§ **About this task**
Pictures left aside, return the lines below exactly, from the one with "Floral Tough Phone Case with Daisy Design" to the end, including both ends.

Start of Extracted material

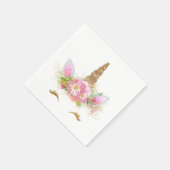 Serviettes en papier Licorne Visage Licorne (Coin)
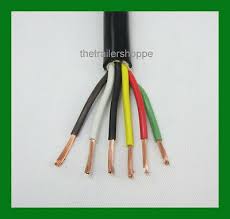 6 and 7 pin connectors feature pinouts for both electric trailer brakes and auxiliary power supply. Trailer Light Cable Wiring Harness 14 6 14 Gauge 6 Wire Jacketed Black Flexible Ebay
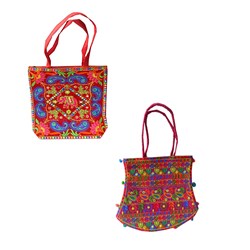 Zeige Details für Indische Tasche bunt Stickereien ca. 40x37cm Bild von Indische Tasche bunt Stickereien ca. 40x37cm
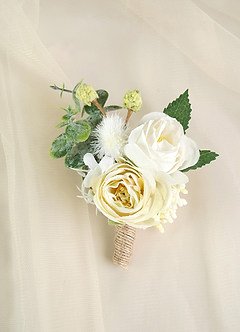 front Groomsmen Rustic Boutonniere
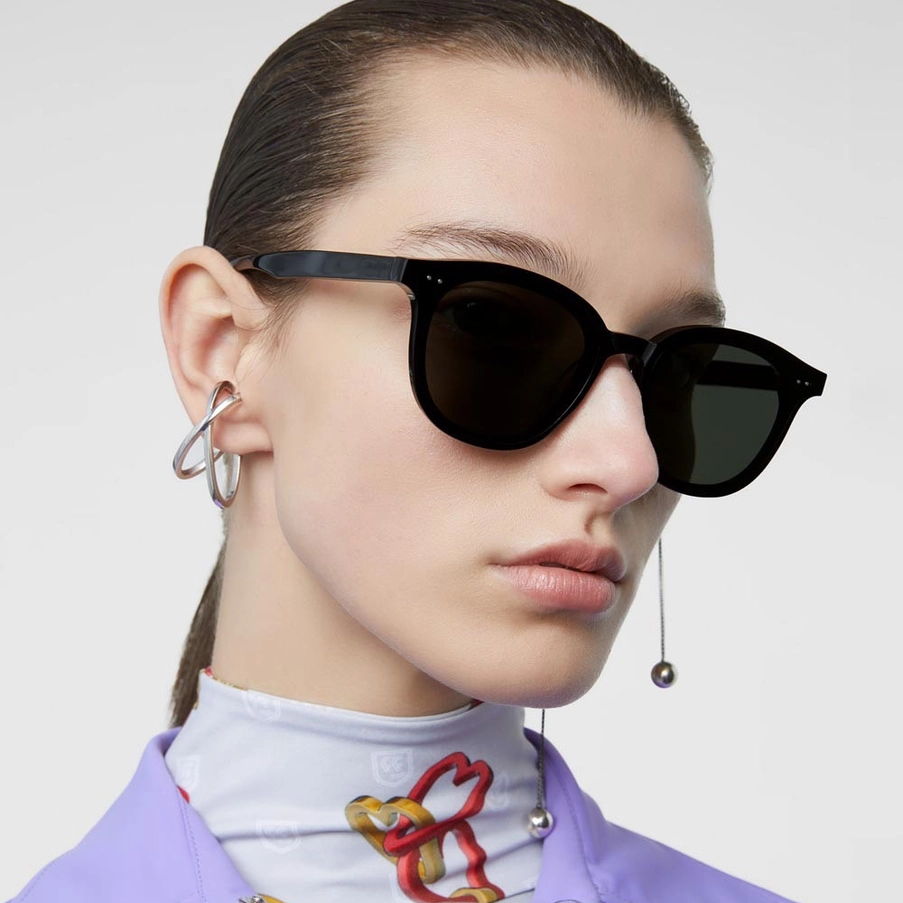 Custom Logo Rounded Square Acetate Sunglasses Popular Korean Brand GM Lang Street Fashion Sun Glasses Private Label Eyewear Manufacturer China
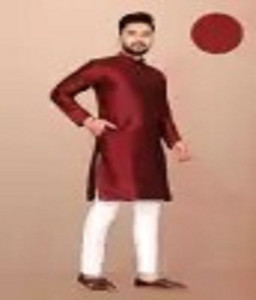 shivgarment men cotton blend kurta pyjama set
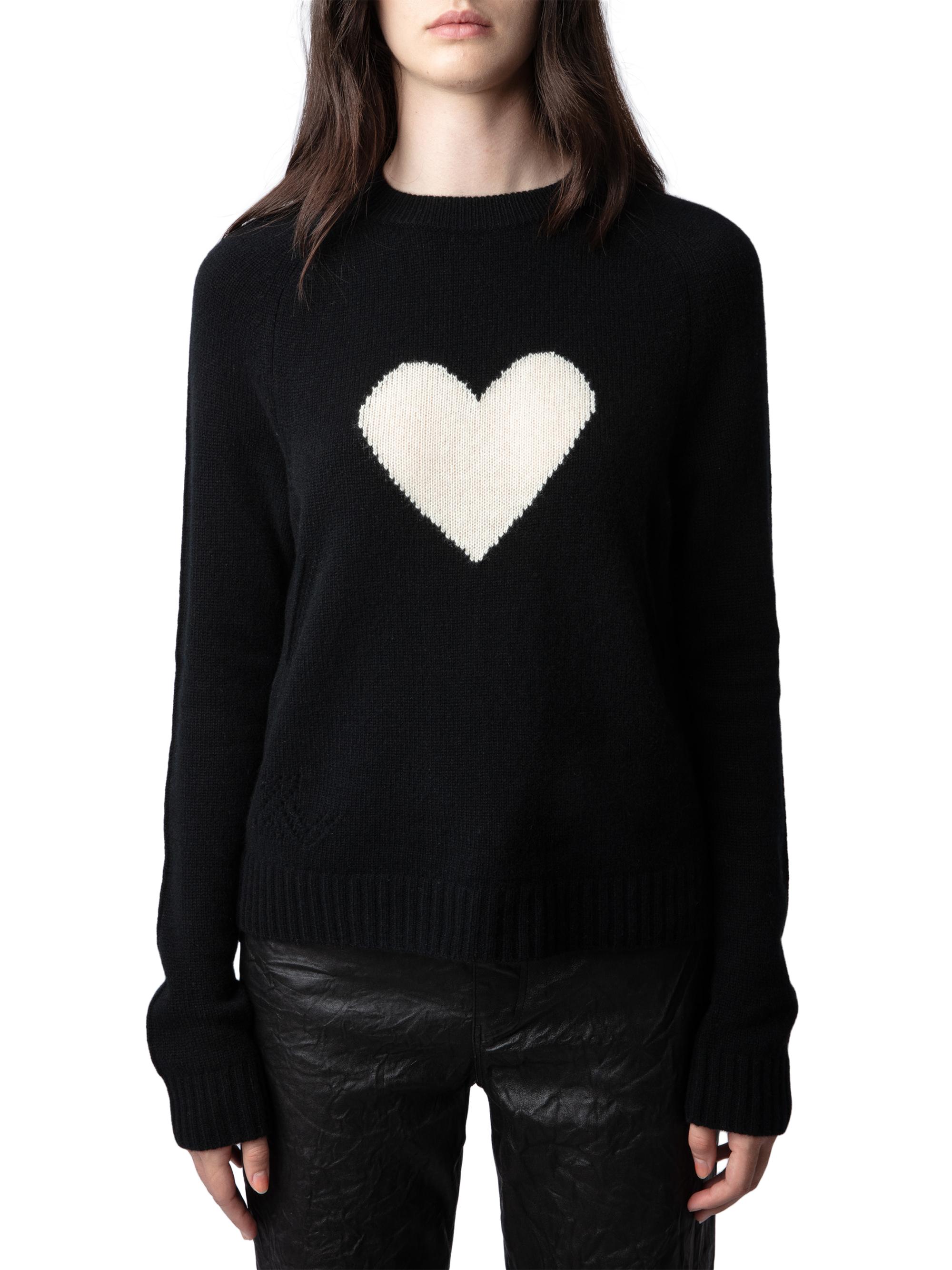 Zadig & Voltaire Lili Heart Cashmere Sweater | Saks Fifth Avenue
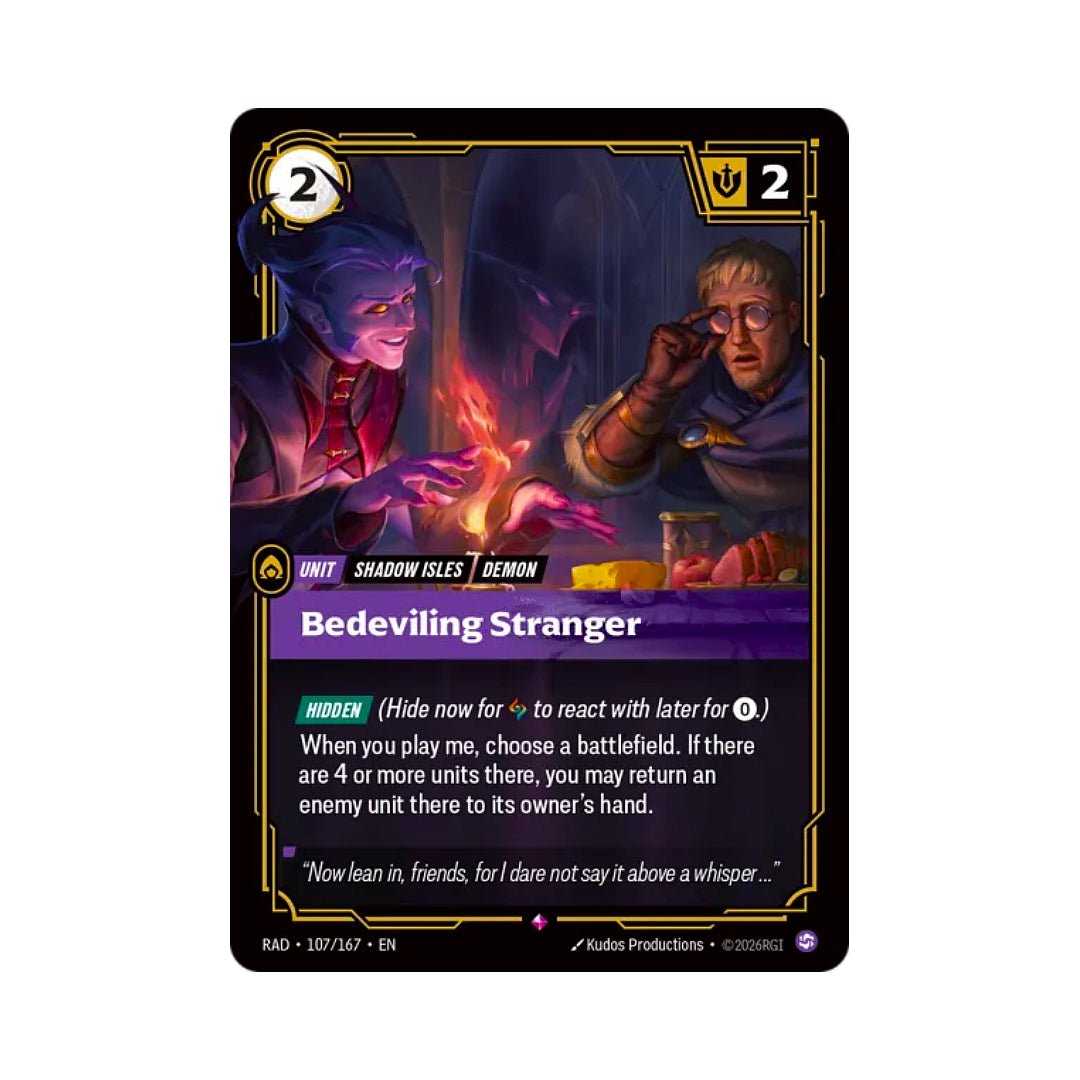 Bedeviling Stranger (RAD-107) - Cards Beyond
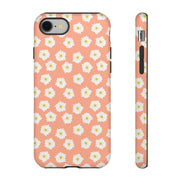 Floral Tough Phone Case with Daisy Design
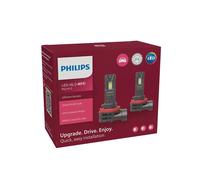 KIT LAMPADINE PHILIPS ULTINON ACCESS LED H11 LUCE BIANCA FREDDA 6000 K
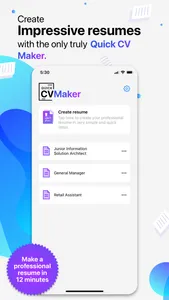 Resume Creator : Resume Maker screenshot 0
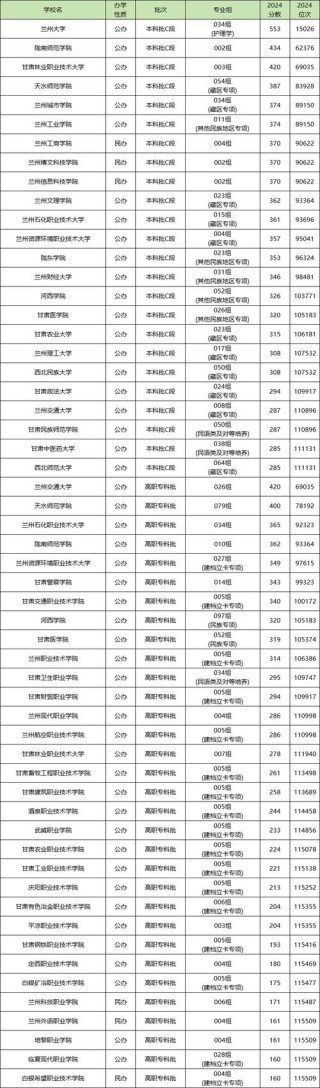 甘肃商务经济学专业大学排名及分数线（哪个学校好）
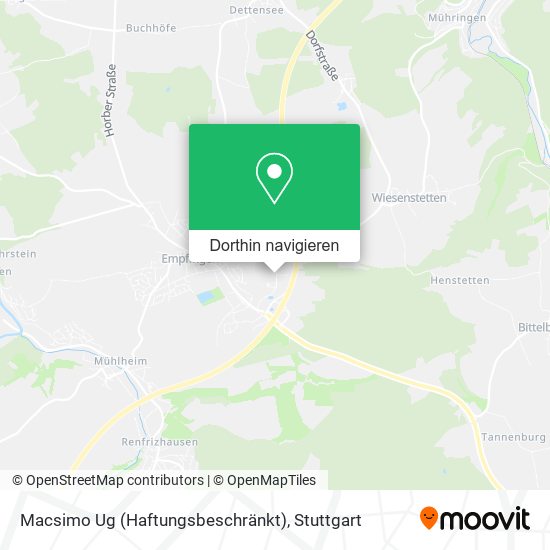 Macsimo Ug (Haftungsbeschränkt) Karte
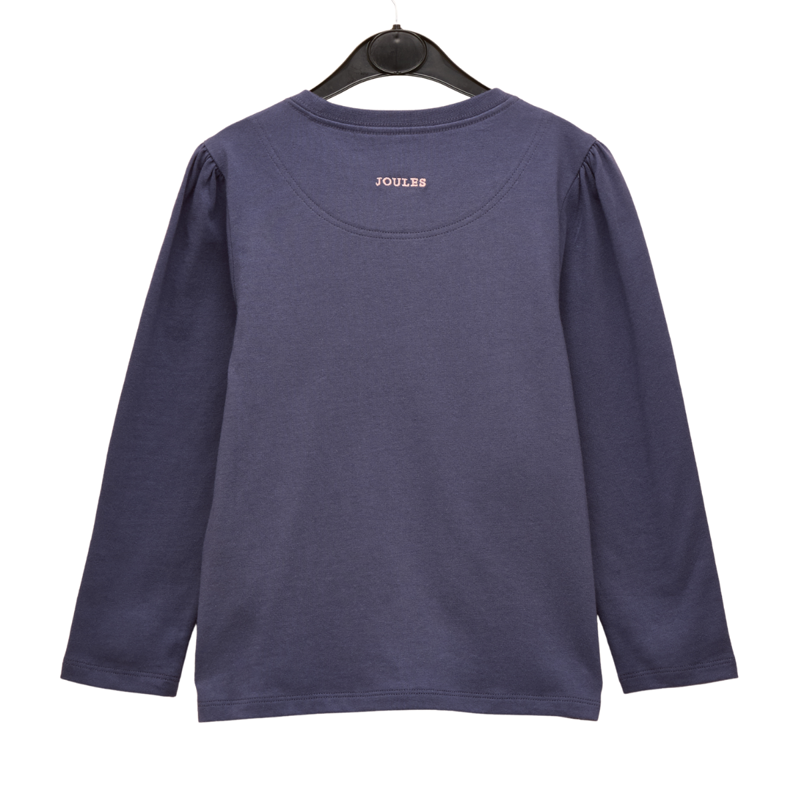 Joules Girls' Ava Applique Long Sleeve Top - Navy Blue-1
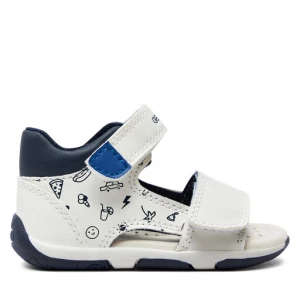 Sandały Geox B Sandal Tapuz Boy B450XB 000BC C0293 Biały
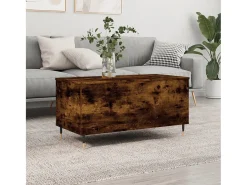 Mesa De Centro* Mesa de centro | Mesa de apoio 90x44.5x45 cm derivados madeira carvalho fumado Castanho
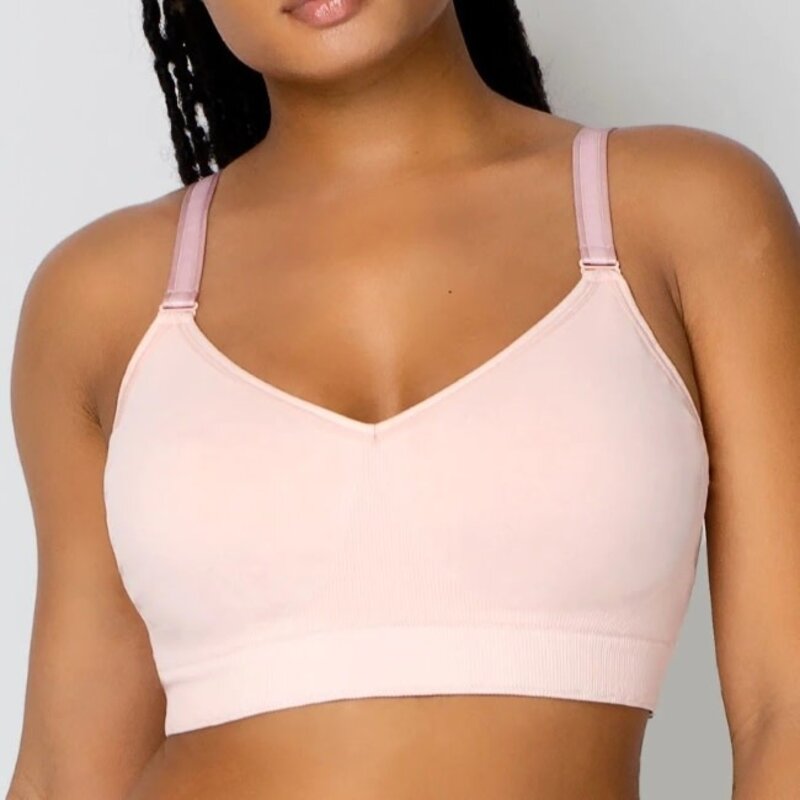 Curvy Couture Smooth Seamless Comfort Wireless Bra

End of Extracted material

§ **Answer to this exercise**
 Floral Tough Phone Case with Daisy Design
 KIT LAMPADINE PHILIPS ULTINON ACCESS LED H11 LUCE BIANCA FREDDA 6000 K
 Resume Creator : Resume Maker screenshot 0
 甘肃商务经济学专业大学排名及分数线（哪个学校好）
 Macsimo Ug (Haftungsbeschränkt) Karte
 Joules Girls' Ava Applique Long Sleeve Top - Navy Blue-1
 Sandały Geox B Sandal Tapuz Boy B450XB 000BC C0293 Biały
 Mesa De Centro* Mesa de centro | Mesa de apoio 90x44.5x45 cm derivados madeira carvalho fumado Castanho
 Curvy Couture Smooth Seamless Comfort Wireless Bra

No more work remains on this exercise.